The mood among the building materials and merchants companies at the start of 2024 remains downbeat, with merchant Travis Perkins (TPK) and brick maker Ibstock (IBST) both announcing new rounds of job cuts given the subdued demand outlook. Ibstock said it had shuttered a second brick factory at South Holmwood in Surrey, following on from the closure of its Ravenhead plant in Skelmersdale in August. Competitors Forterra (FORT) and Heidelberg (DE:HEI) have also recently closed plants, which led the GMB union in December to complain to levelling-up secretary Michael Gove that the UK’s brick industry was “on the brink of collapse”, lamenting the lack of new housebuilding.
Despite this, investor appetite for companies in the sector has been robust – the FTSE 350 construction and materials index closed last year 36 per cent higher after a strong end-of-year rally.

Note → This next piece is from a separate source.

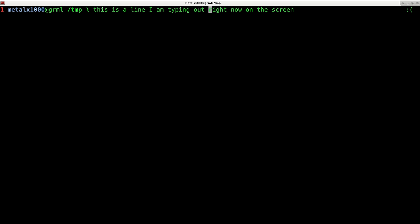So again, that's control K to clear everything after the cursor, control U to clear everything before the cursor. And obviously, if you're at the beginning or end of the line, you can clear out the line quickly like that. You could use control A or control E in combination with control K or control U to clear the line completely. So I can quickly press control A and then control K to delete that whole line.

There are some signs of green shoots. New-build activity was still in decline in the three months to November but repair, maintenance and improvement work increased by 3.8 per cent, according to the Office for National Statistics. And new project starts in the fourth quarter were 8 per cent lower year on year but were up 14 per cent on the previous quarter, “suggesting developers’ expectations for the housing market in 2024 may be on the up”, according to Allan Wilen, economics director of data provider Glenigan.